Dubai continues to strengthen its global appeal as one of the most dynamic and in-demand residential real estate markets, according to a report by Metropolitan Homes, a subsidiary of Metropolitan Group, a real estate brokerage company.
Titled “Residential Resale Market Review in H1 2024”, the report confirms that Dubai’s residential resale market continues to outperform global trends. Svetlana Vasilieva, Head of Secondary Sales at Metropolitan Homes, said: “Dubai’s real estate market has shown remarkable strength and growth in H1 2024. The record sales volume and price increases during this period demonstrate the thriving economy of Dubai and its continued appeal as a global real estate destination.
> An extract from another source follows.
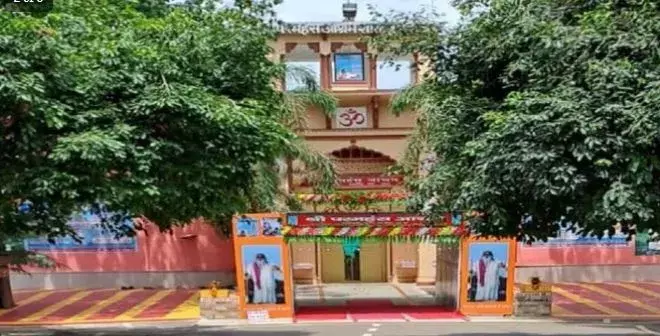 मिर्जापुर आश्रम में मिला साध्वी का शव, हत्या की आशंका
As the emirate continues to benefit from its global status as an attractive international city, we are confident in the future growth of the real estate market, driven by several factors, such as increased foreign investment, infrastructure development and the city’s ongoing efforts to attract talent and businesses.”
Dubai’s residential resale market witnessed significant growth, with transaction volumes rising 17.8% year-on-year to 27,949 transactions, while the value of transactions increased by 23.1% to AED 76.34 billion. May set a new record with 17,139 residential resale transactions, the highest monthly total ever recorded.
Metropolitan Homes also confirmed that it is optimistic about the continued growth and resilience of the Dubai residential resale market during the remainder of this year. Despite global uncertainty, Dubai offers a stable and attractive environment for investors and end-users, and the strong market fundamentals and strategic location of Dubai make it an attractive option. Key areas to keep an eye on include Dubai South (Emaar South, Expo City, etc.) and Dubailand (The Valley by Emaar, The Oasis by Emaar, etc.), as these areas witness increased investment and development. In terms of average resale prices, the average resale price per square foot for residential units increased to AED 1,545, up 7% compared to H1 2023.